We have no idea what price tag would be put on the company, but as I have said before, the numbers at this company are just tremendous. Even at $21-22 is a fair valuation, with a control premium on top of that. But with other good values emerging from the recent market meltdown, I hope that a sale at a favorable price is announced and quickly, offering an opportunity to redeploy the capital I have in this stock.

Friday, June 09, 2006

Evangelism at True Relgion

TRLG announced today that it has entered into a licensing agreement with InGroup, a leading product licensing firm. (Read the press release). This step is a logical one in the company's desire to expand the brand beyond premium denim. Lubell is a jeans expert and developing appropriate products in other fashion categories (e.g. fragrances, shoes, etc) means working with experts in these fields and this is what InGroup is expected to do.
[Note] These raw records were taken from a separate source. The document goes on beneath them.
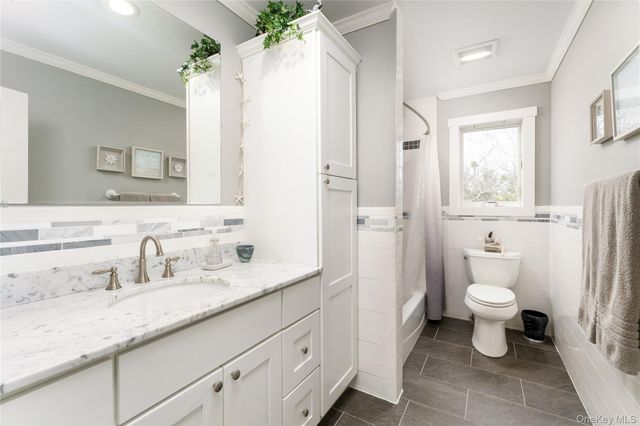 61 Atlantic Avenue, Hampton Bays, NY 11946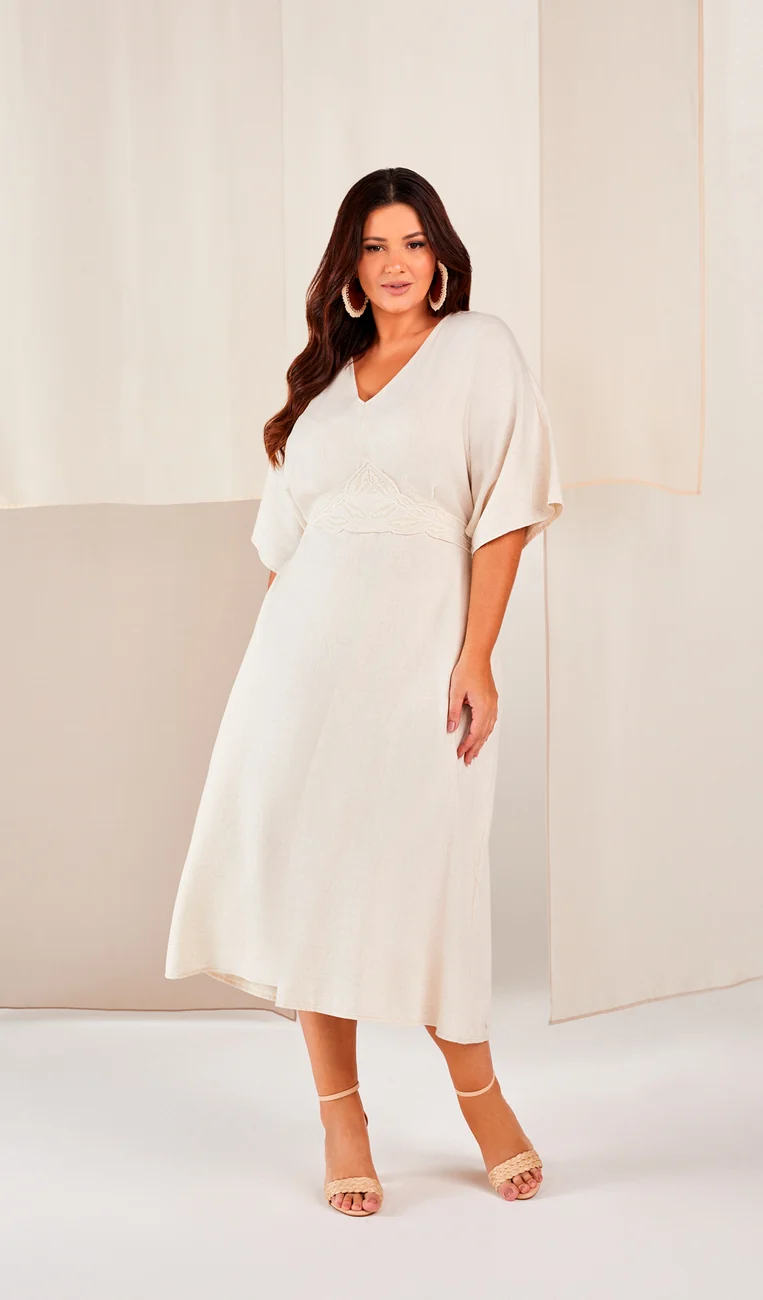 Vestido feminino offwhite com bordado, foto da Ramo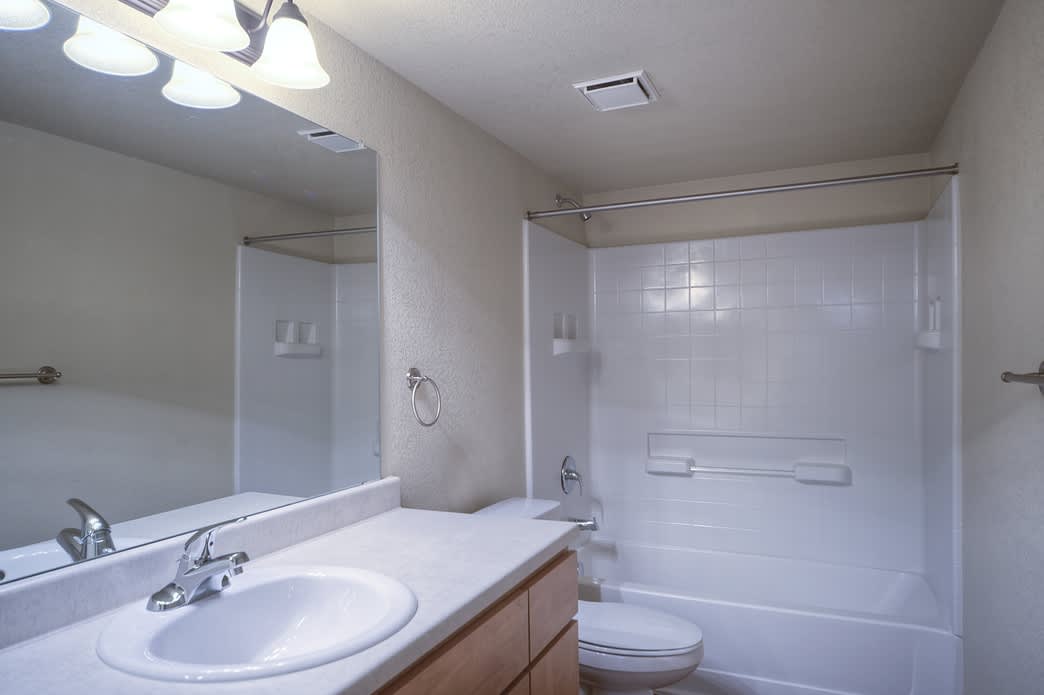 West Eleventh – photo 4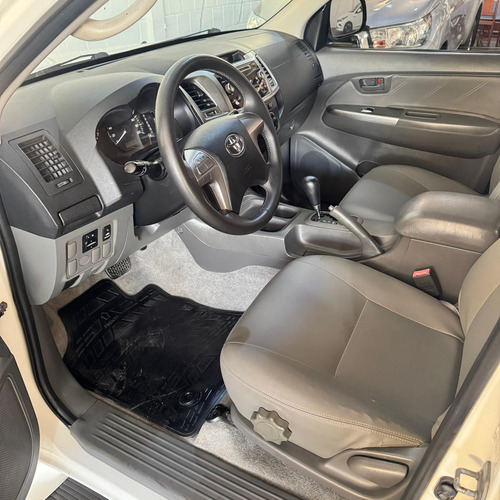 Toyota Hilux Hilux 2.7 Flex 4x2 CD SR (Aut)
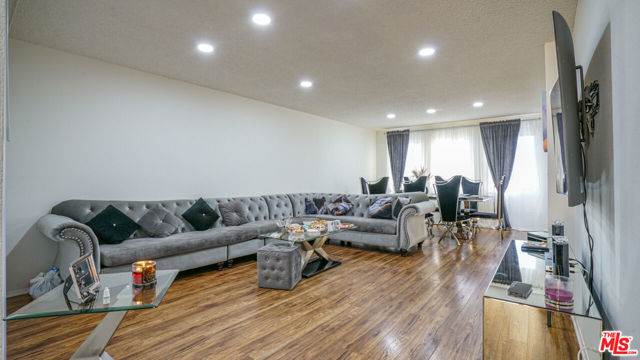 451 Hawthorne Street photo 6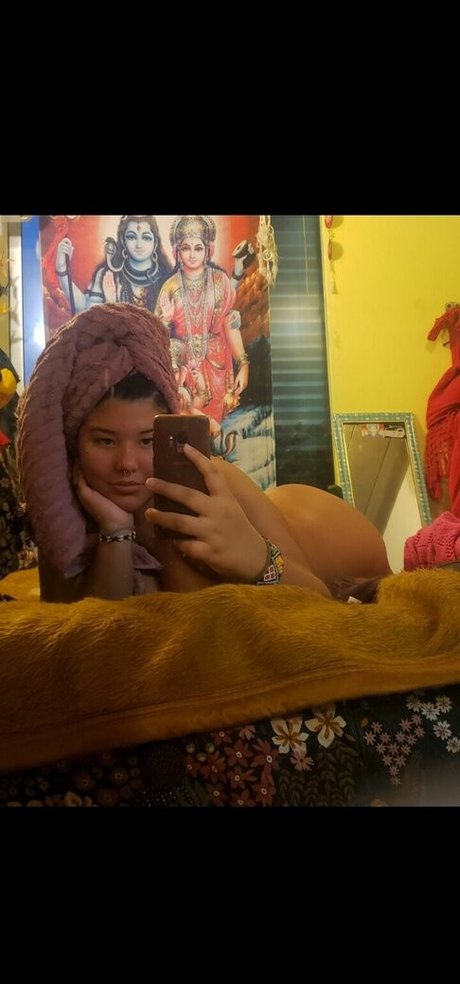 viivenuz art model gallery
What this means for shareholders of TRLG is that we have found another way to capitalize on the brand with little or no additional capital tied up in producing the products. I am not sure how this licensing arrangement will work exactly (will TRLG distribute or a 3rd party?) Gualberto has had some discussions with Charles Lesser, and the licensing is definately part of their 2007 strategy. The only real risk I see at this point is that of overexposure, but I consider this a remote possiblit at this time, at least not yet.

So, the evidence suggests that the licensing agreement is part of an overall corporate decision to grow rapidly, and with a minimum of capital investment. Given management's ability to deliver results thus far, I see this as very bullish. If we see any further weakness in the stock, I will look to add more stock to my position.

Tuesday, June 06, 2006

CL - Colgate-Palmolive Update

In my last post about Colgate-Palmolive, I discussed whether it was time to sell, as the stock has enjoyed a nice run. It has held its position, even as the markets have melted down, mostly because at the same time the stock market has melted down, the dollar has fallen, which is leading to expectations that the company's results will continue to be strong.

Over at the AntiBrokers, they have analyzed the chart for CL, and have concluded that the stock's current run is not done, and if it can break out of the 60-65 range, we should expect further bullishness.

Until I find an investment I like more, I will continue to hold

Thursday, June 01, 2006

Technical Analysis - Redux


In my first post about Technical Analysis, I admitted that it is not a tool that I use very often. I tend to stick to the fundamentals, and look to purchase at a discount to intrinsic value.

So I appreciate Nick's heads up. He referred me to The Anti Brokers, a site dedicated entirely to Technical Analysis. Rather than talk about technical analysis, it just relentlessly breaks down the charts, security after security, with some really interesting observations.

Add it to your regular reads. I've added it to mine.